Sir Edward eyed the innkeeper. “Well, I know what happened,” he snapped. “Mr. Jones overturned his cart and broke his head open because he was drunk. The only part of it that I had anything to do with was that I gave him the money that he drank himself into a stupor with.”
Jed greeted that blunt statement with silence, but his expression was ugly. He eyed Sir Edward with blatant, naked dislike and a couple of the onlookers standing nearest to the scientist took a step away from him, as though to disassociate themselves from whatever Jed might do, or perhaps just to avoid Jed’s fists. Sir Edward’s servant was eyeing the crowd carefully, as though weighing up the situation, and all the while, Sir Edward kept glaring at his aggressor, not giving an inch.
This was going to come to blows if someone didn’t step in.

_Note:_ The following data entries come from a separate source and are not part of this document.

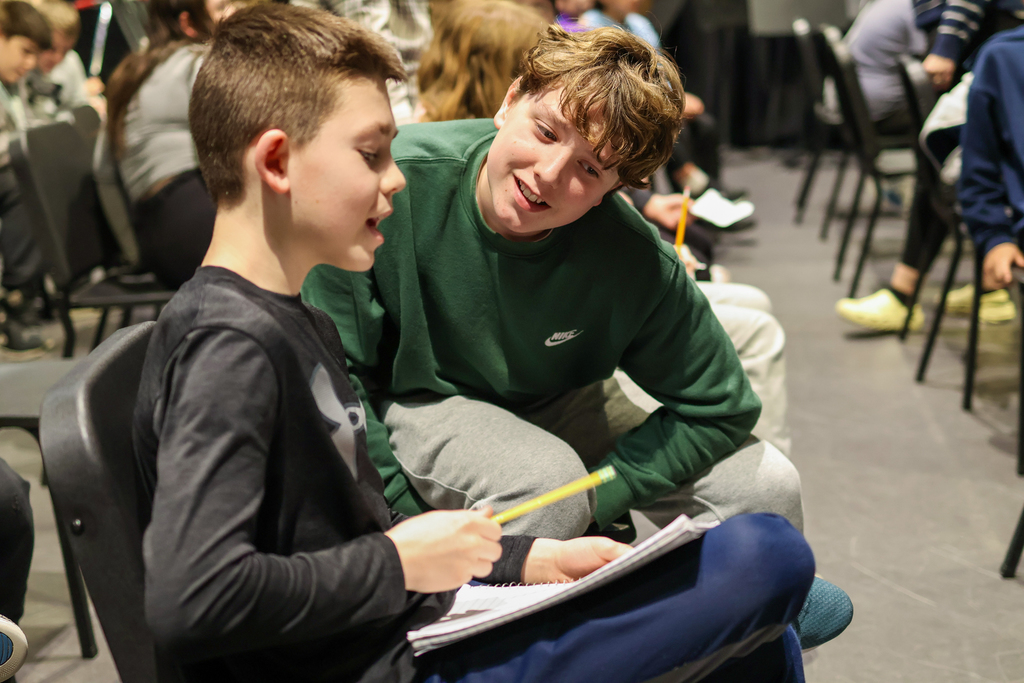 two boys writing in a notebook sitting together in a classroom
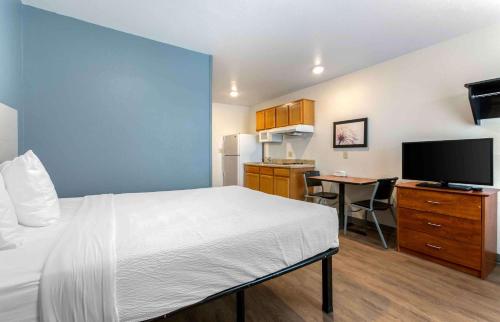 Habitación de hotel con cama y escritorio con TV. en Extended Stay America Select Suites - El Paso - East, en El Paso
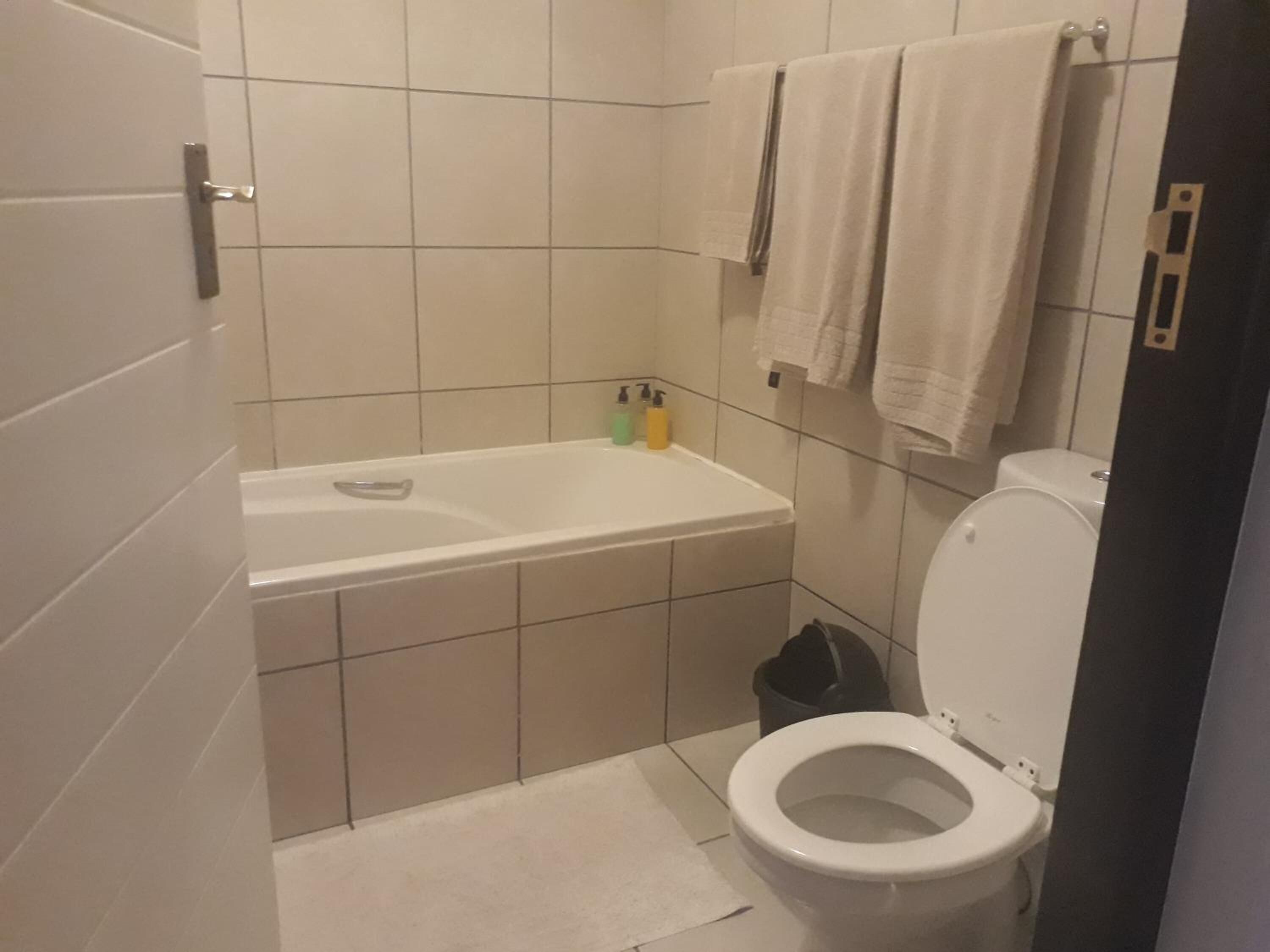 Ein Badezimmer mit Badewanne, Toilette und einem kleinen Mülleimer.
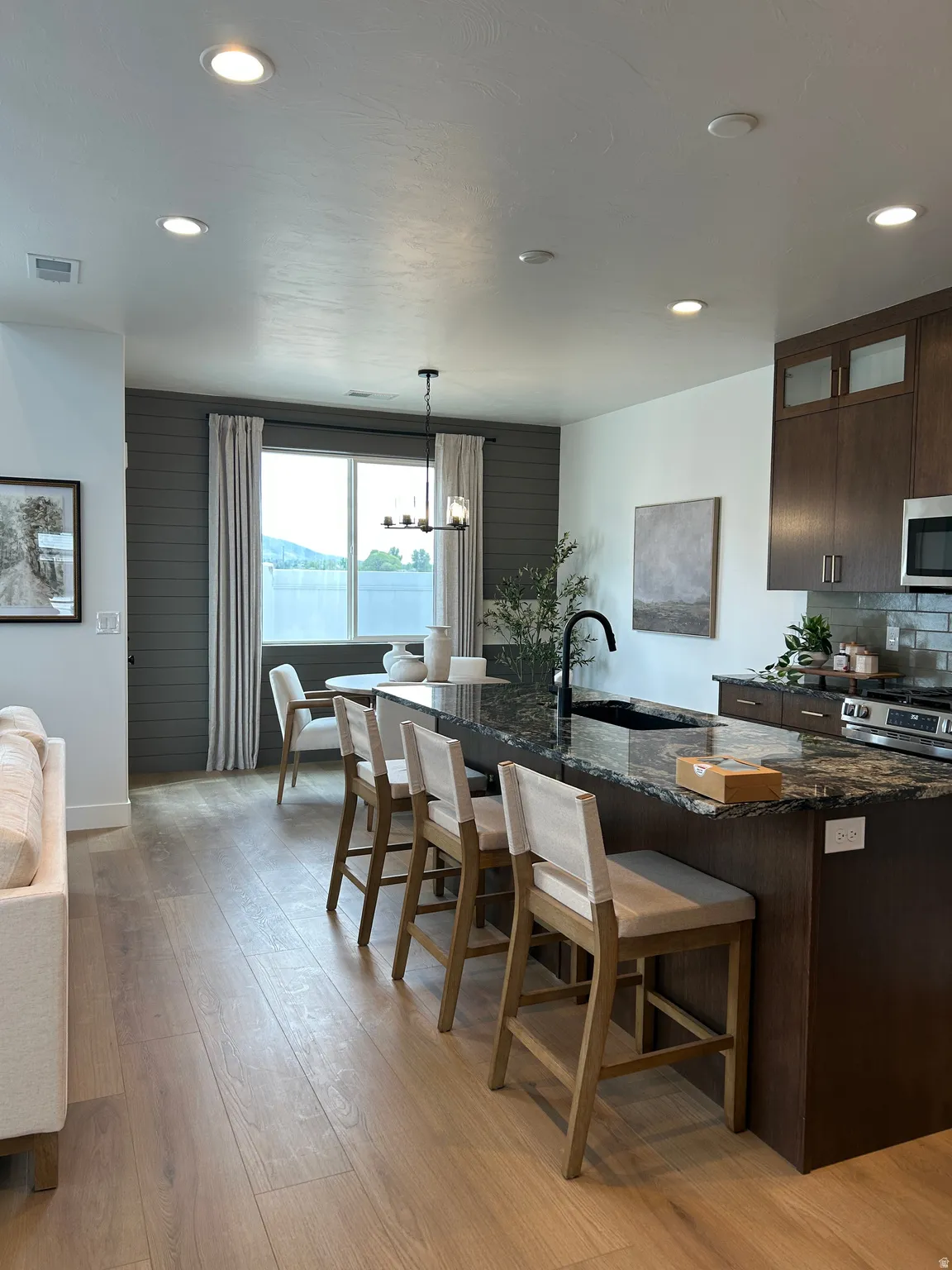 Modern kitchen island with a dark granite countertop and integrated sink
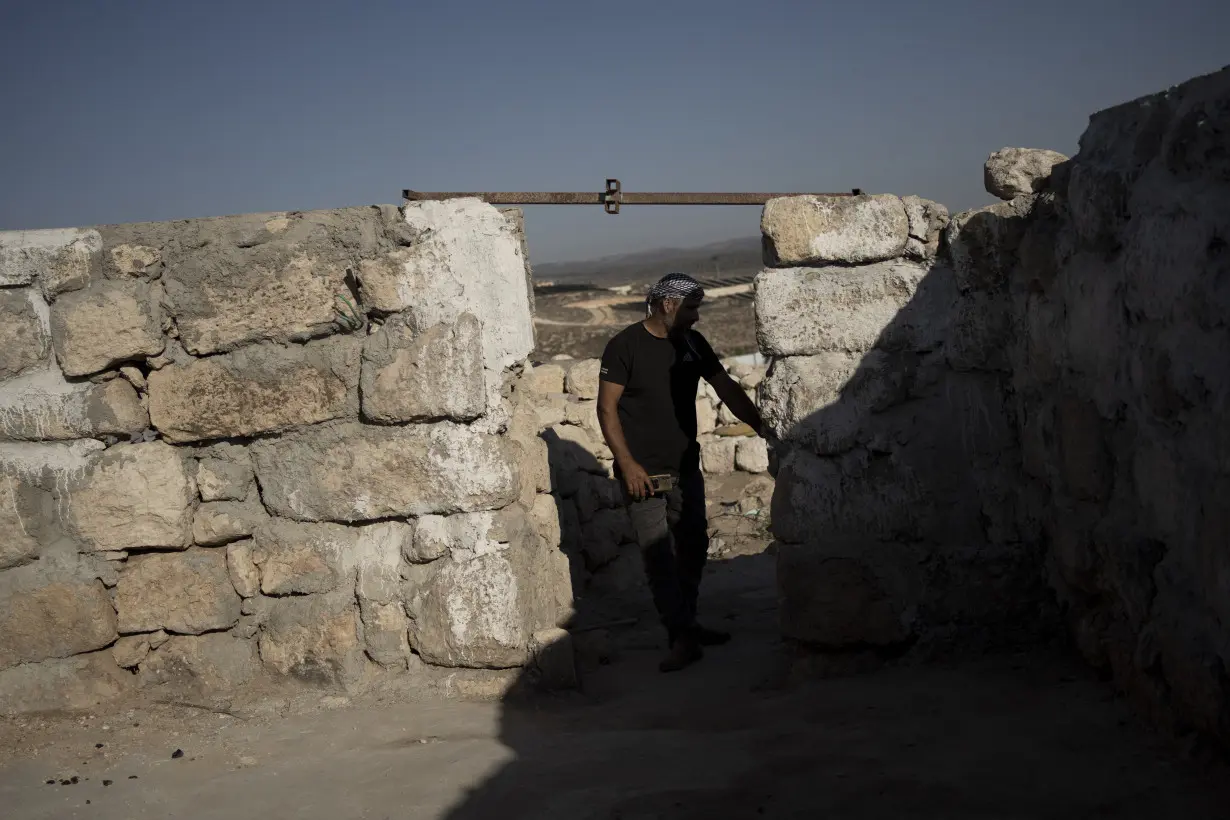 Chased away by Israeli settlers, these Palestinians returned to a village in ruins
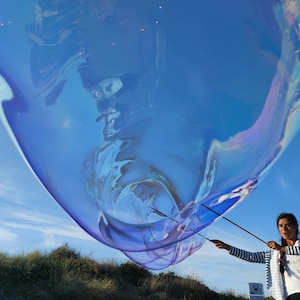 May include: A giant, iridescent blue bubble is held aloft against a clear blue sky. A person in a striped top and white shirt is seen holding the bubble with sticks. The bubble's surface shimmers with colours, reflecting the sky. The background features a grassy hill.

Nick mightn’t altogether mind the thought of Jed Hammett being dragged up before the magistrate again, and Sir Edward might be behaving with the usual high-handedness of the rich, but still, Nick found he didn’t like the thought of that comely face being marked with bruises from Jed’s fists.
With an inward sigh, he slammed his tankard down on the bar. The clatter of metal on wood caused half the heads in the taproom to turn his way.
“Well, Jed,”
Nick said. “Even you must admit that driving your buggy arse over tit is apt to do you in.”
There was a little uneasy laughter at that. Slowly, menacingly, Jed turned his attention from Sir Edward to Nick. Nick offered him an insouciant grin, feigning relaxed amusement, though in truth he was holding himself loose and easy, ready for violence should Jed rush him.
There was little love lost between him and Jed these days, but there was, at least, a modicum of respect if it came to a fight. When they were boys, they’d run wild together, playing and arguing and yes, brawling a few times, until Jed had finally realised that, despite being much bigger, he couldn’t guarantee he’d beat the Gypsy’s bastard every time—and he certainly couldn’t cow him, as he could so easily the other boys.
“Well now, if it isn’t Nick ’Earn!” Jed said, all aggressive friendliness. “I was just speaking of you to milord here.” He turned back to the scientist. “Mr. ’Earn is the Gypsy bast—sorry, gentleman I mentioned to you, milord. He is just the man for you, is Nick. For these ’speriments of your’n.”
Sir Edward’s jaw tightened, eyes flashing with irritation as he anticipated more mockery, but Jed held his hands up in a wait a moment gesture.
“Now, hear me out, milord. You’ll like this, what with you looking for someone who might be closer to the veil an’ all.” He pointed at Nick. “This ’ere Gypsy, not only did his old mother pass away just last year—which is one of the partic’lars you’re looking for, you said—but better’n that, he sees ghosts. Ain’t that the truth now, Nick?”
Nick’s gut clenched. He itched to ram his fist into Jed’s smirking face, and only the knowledge that that was precisely what the fisherman wanted stopped him. By sheer force of will he maintained a neutral expression, opening his mouth to disavow Jed’s words, only for Sir Edward to beat him to it.
“You’ve seen ghosts?” Sir Edward said, fixing that golden-brown gaze on Nick for the first time. His expression was curious. Avid. And somehow, without intending to, Nick found himself answering.